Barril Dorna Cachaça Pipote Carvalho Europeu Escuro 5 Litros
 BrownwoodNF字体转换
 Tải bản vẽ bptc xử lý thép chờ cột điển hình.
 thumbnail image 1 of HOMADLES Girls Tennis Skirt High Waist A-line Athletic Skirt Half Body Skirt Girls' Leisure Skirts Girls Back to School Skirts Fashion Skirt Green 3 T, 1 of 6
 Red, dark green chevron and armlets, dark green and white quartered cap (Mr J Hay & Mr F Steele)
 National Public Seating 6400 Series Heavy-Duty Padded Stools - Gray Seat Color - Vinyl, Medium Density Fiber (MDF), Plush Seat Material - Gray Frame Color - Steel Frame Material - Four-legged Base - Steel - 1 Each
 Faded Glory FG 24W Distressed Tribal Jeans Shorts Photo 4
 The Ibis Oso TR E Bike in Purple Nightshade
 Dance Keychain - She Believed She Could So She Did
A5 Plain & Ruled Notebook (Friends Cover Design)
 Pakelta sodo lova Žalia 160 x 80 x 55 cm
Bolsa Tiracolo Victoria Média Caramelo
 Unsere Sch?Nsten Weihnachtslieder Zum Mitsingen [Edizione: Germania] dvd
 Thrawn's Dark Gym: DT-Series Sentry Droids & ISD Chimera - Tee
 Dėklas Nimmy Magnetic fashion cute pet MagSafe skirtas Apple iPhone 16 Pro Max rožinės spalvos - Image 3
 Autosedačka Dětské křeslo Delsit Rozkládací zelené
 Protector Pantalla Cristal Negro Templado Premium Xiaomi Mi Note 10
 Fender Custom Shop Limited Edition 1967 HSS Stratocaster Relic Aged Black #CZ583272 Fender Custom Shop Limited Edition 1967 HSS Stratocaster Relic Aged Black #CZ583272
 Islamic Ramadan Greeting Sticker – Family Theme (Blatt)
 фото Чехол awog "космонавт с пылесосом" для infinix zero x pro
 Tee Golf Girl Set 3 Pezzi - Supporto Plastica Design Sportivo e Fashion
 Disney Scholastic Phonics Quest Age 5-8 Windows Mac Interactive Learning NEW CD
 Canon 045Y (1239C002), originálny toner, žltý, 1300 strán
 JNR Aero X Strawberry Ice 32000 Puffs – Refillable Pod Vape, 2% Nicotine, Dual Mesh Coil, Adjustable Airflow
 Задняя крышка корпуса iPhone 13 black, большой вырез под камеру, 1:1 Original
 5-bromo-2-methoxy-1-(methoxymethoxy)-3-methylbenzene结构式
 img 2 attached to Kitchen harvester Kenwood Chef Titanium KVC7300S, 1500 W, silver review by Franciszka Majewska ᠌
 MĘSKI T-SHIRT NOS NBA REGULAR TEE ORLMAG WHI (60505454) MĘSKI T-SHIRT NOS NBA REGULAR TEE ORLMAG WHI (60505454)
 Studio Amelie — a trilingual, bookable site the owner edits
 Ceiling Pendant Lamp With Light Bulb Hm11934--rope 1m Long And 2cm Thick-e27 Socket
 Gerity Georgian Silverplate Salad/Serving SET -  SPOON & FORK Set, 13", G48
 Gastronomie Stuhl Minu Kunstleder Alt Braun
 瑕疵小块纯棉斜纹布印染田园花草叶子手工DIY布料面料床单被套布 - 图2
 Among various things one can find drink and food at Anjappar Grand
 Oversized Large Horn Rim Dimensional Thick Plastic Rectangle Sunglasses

# # #

- _Exercise brief_:
All entries are to be repeated exactly and completely.

- _Reply to the exercise_:
Barril Dorna Cachaça Pipote Carvalho Europeu Escuro 5 Litros
 BrownwoodNF字体转换
 Tải bản vẽ bptc xử lý thép chờ cột điển hình.
 thumbnail image 1 of HOMADLES Girls Tennis Skirt High Waist A-line Athletic Skirt Half Body Skirt Girls' Leisure Skirts Girls Back to School Skirts Fashion Skirt Green 3 T, 1 of 6
 Red, dark green chevron and armlets, dark green and white quartered cap (Mr J Hay & Mr F Steele)
 National Public Seating 6400 Series Heavy-Duty Padded Stools - Gray Seat Color - Vinyl, Medium Density Fiber (MDF), Plush Seat Material - Gray Frame Color - Steel Frame Material - Four-legged Base - Steel - 1 Each
 Faded Glory FG 24W Distressed Tribal Jeans Shorts Photo 4
 The Ibis Oso TR E Bike in Purple Nightshade
 Dance Keychain - She Believed She Could So She Did
A5 Plain & Ruled Notebook (Friends Cover Design)
 Pakelta sodo lova Žalia 160 x 80 x 55 cm
Bolsa Tiracolo Victoria Média Caramelo
 Unsere Sch?Nsten Weihnachtslieder Zum Mitsingen [Edizione: Germania] dvd
 Thrawn's Dark Gym: DT-Series Sentry Droids & ISD Chimera - Tee
 Dėklas Nimmy Magnetic fashion cute pet MagSafe skirtas Apple iPhone 16 Pro Max rožinės spalvos - Image 3
 Autosedačka Dětské křeslo Delsit Rozkládací zelené
 Protector Pantalla Cristal Negro Templado Premium Xiaomi Mi Note 10
 Fender Custom Shop Limited Edition 1967 HSS Stratocaster Relic Aged Black #CZ583272 Fender Custom Shop Limited Edition 1967 HSS Stratocaster Relic Aged Black #CZ583272
 Islamic Ramadan Greeting Sticker – Family Theme (Blatt)
 фото Чехол awog "космонавт с пылесосом" для infinix zero x pro
 Tee Golf Girl Set 3 Pezzi - Supporto Plastica Design Sportivo e Fashion
 Disney Scholastic Phonics Quest Age 5-8 Windows Mac Interactive Learning NEW CD
 Canon 045Y (1239C002), originálny toner, žltý, 1300 strán
 JNR Aero X Strawberry Ice 32000 Puffs – Refillable Pod Vape, 2% Nicotine, Dual Mesh Coil, Adjustable Airflow
 Задняя крышка корпуса iPhone 13 black, большой вырез под камеру, 1:1 Original
 5-bromo-2-methoxy-1-(methoxymethoxy)-3-methylbenzene结构式
 img 2 attached to Kitchen harvester Kenwood Chef Titanium KVC7300S, 1500 W, silver review by Franciszka Majewska ᠌
 MĘSKI T-SHIRT NOS NBA REGULAR TEE ORLMAG WHI (60505454) MĘSKI T-SHIRT NOS NBA REGULAR TEE ORLMAG WHI (60505454)
 Studio Amelie — a trilingual, bookable site the owner edits
 Ceiling Pendant Lamp With Light Bulb Hm11934--rope 1m Long And 2cm Thick-e27 Socket
 Gerity Georgian Silverplate Salad/Serving SET -  SPOON & FORK Set, 13", G48
 Gastronomie Stuhl Minu Kunstleder Alt Braun
 瑕疵小块纯棉斜纹布印染田园花草叶子手工DIY布料面料床单被套布 - 图2
 Among various things one can find drink and food at Anjappar Grand
 Oversized Large Horn Rim Dimensional Thick Plastic Rectangle Sunglasses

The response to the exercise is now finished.